Friday, August 19, 2005

Fran Pridham

Been away for a bit. A weekend in the Lake District and personal stuff to sort out. Anyway, I thought I'd come back with a couple of poems by Fran Pridham, who's my fellow editor on Brando's Hat. Here's what Amanda Dalton said about her:

'Fran Pridham creates vivid domestic landscapes... Weaving through these places are her often painful explorations of emotion and relationships. The poems enter dark territory as they look at transience and our attempts to cope with loss; eruptions of violence, and a sense of the alone. But these are not entirely bleak poems: Pridham writes of hope, of moments of beauty, the leveling common-sense of children and the 'oneness' "sometimes unexpectedly" discovered..."

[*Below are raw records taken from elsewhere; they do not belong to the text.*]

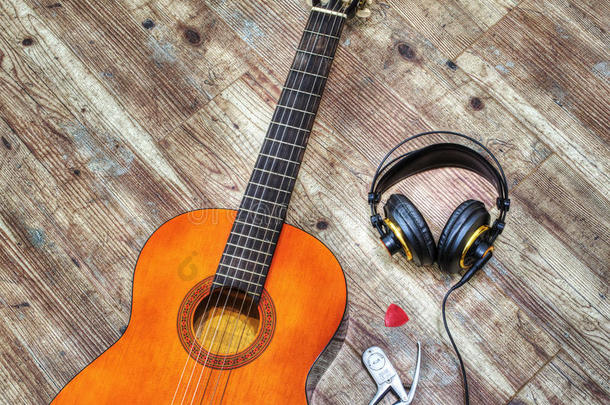 经典吉他和耳机在一个木板在HDR
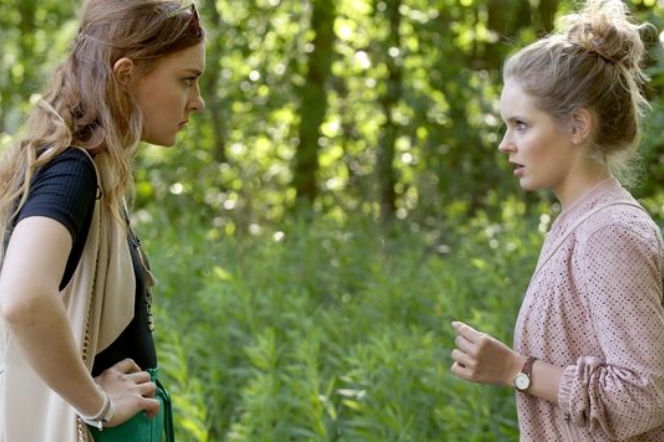 M jak miłość odcinek 1253, Ula (Iga Krefft), Justyna (Olga Kalicka)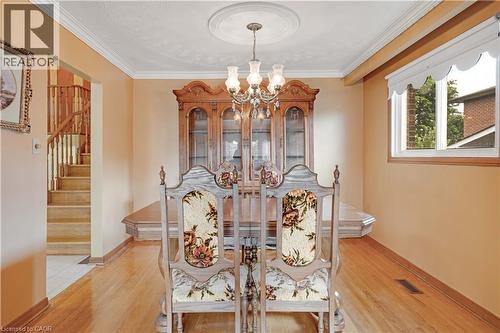 Wood-finish flooring, crown molding, and a chandelier with a ceiling medallion - 2535 Privet Crescent, Mississauga, ON - Indoor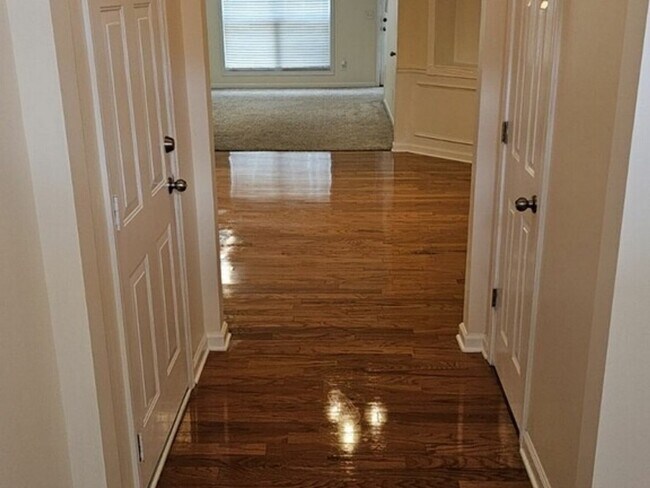 Foto del edificio - Great Location & Recently Updated Townhome...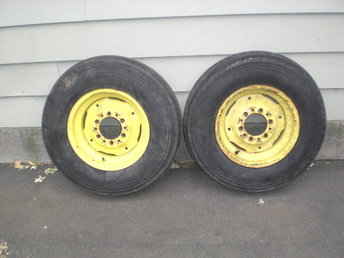 John Deere 7.5-15 Tires & Rims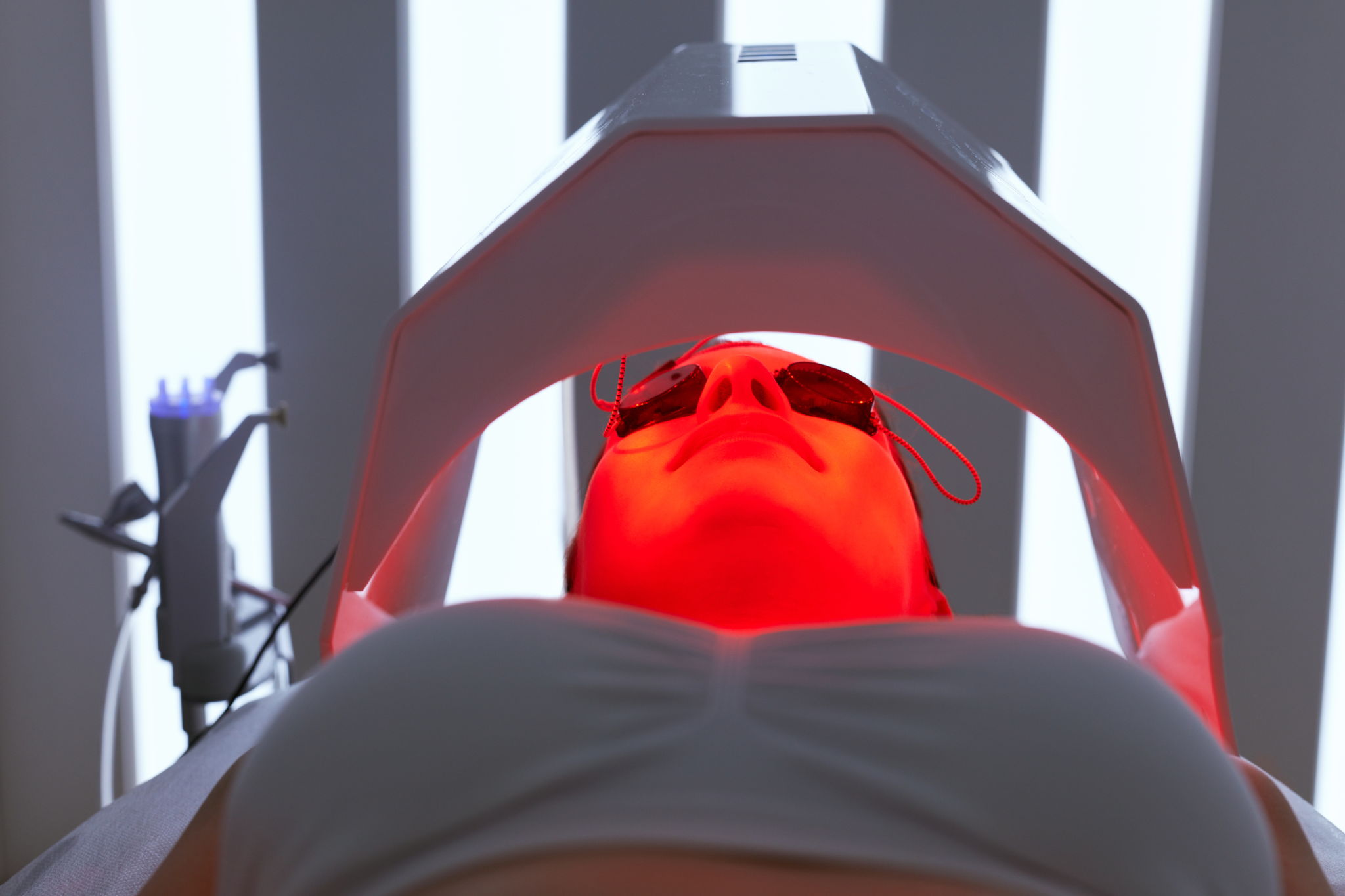 What’s True and What’s Hype? Red Light Therapy Pros and Cons -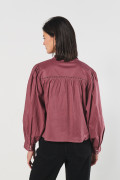 Blusa cuello nerú unicolor con detalles de encaje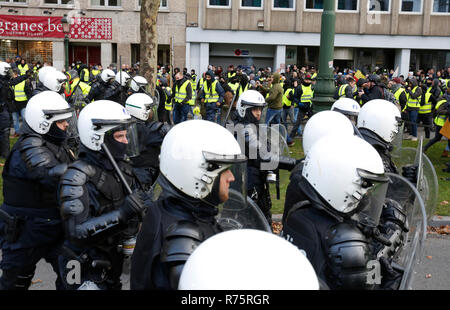 Bruxelles, Belgique. Dec 8, 2018. Les manifestants de la 'jaune' en conflit avec les forces de police au cours d'une manifestation au centre-ville de Bruxelles, Belgique, 8 décembre 2018. Credit : Ye Pingfan/Xinhua/Alamy Live News Banque D'Images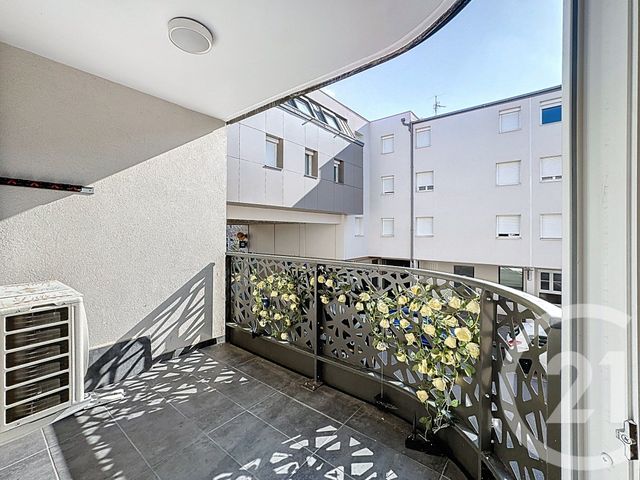 Appartement T3 &agrave; louer - 3 pi&egrave;ces - 67,43 m2 - Feyzin - 69 - RHONE-ALPES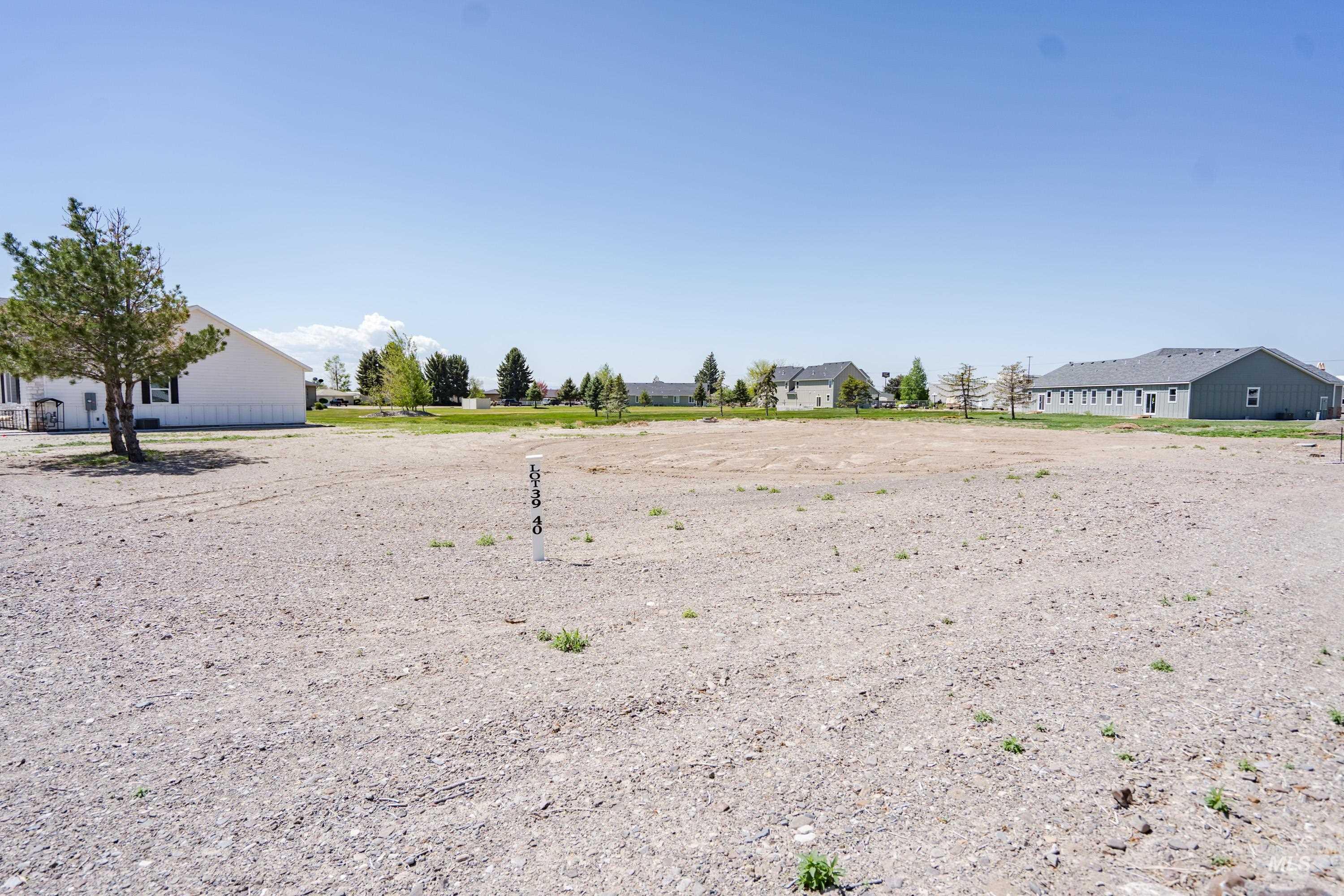 39 & 40 Lakeside Loop Property Photo 2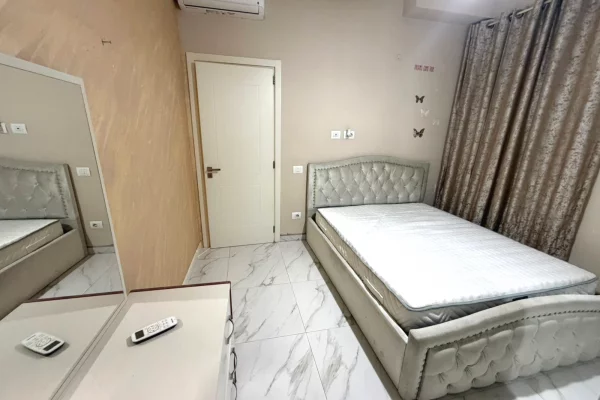 Shtepi me qera Apartament ne Tirane, 1+1, Mobilimi E mobiluar, Pagesa 45,000  Leke.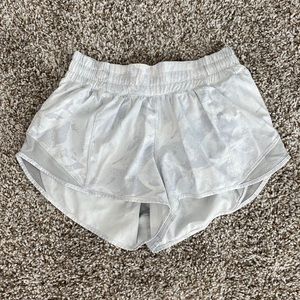 Lululemon Hotty Hot LR Shorts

Air to breathe, water to swim

The sea breathing on the
shore
in deep asthmatic stone filled breaths
like winter breathing,
sucking warmed air
through rough blankets to ease
constant chest pain
and the cough.

Scrubby wind tugged daisies, leaf stripped
growing in
the slag and coughed up mine dust;
coal rimmed eyes and blue scars that are
not water washed.

Deep sea diving to swim away
the trapped and
breathless sweat of mining.
Finding no clear sunlit water playing
in the
rock filled bladder wrack pools,
only blocked sewage pipes in the harbour's
silted depths.

Alien suited and spluttering
on the man made gas
bubbles, a reckless wish
to wash life away in alcohol-stained
breathing in of man made lead.

Sunday Praise

Each cup of tea he makes she leaves undrunk;
she says he cannot even
tie his laces well.

They meet, eat tacos, sour cream and read
the
papers spread across the table top.
Sunday passers by can glance and through
the steamy cafe's window blur make out
the leather jacket of a man who
eats;
the dark hair of a woman move to turn
and call the waitress for a
glass of milk.

Unremarkable and yet she knows
his flesh; it's
searching movements
which remind her of the oneness that
sometimes,
unexpectedly she can possess.


There's a beautiful poise about her poems, though sometimes they seem almost unbearably sad, and at occasional times almost unbearably happy.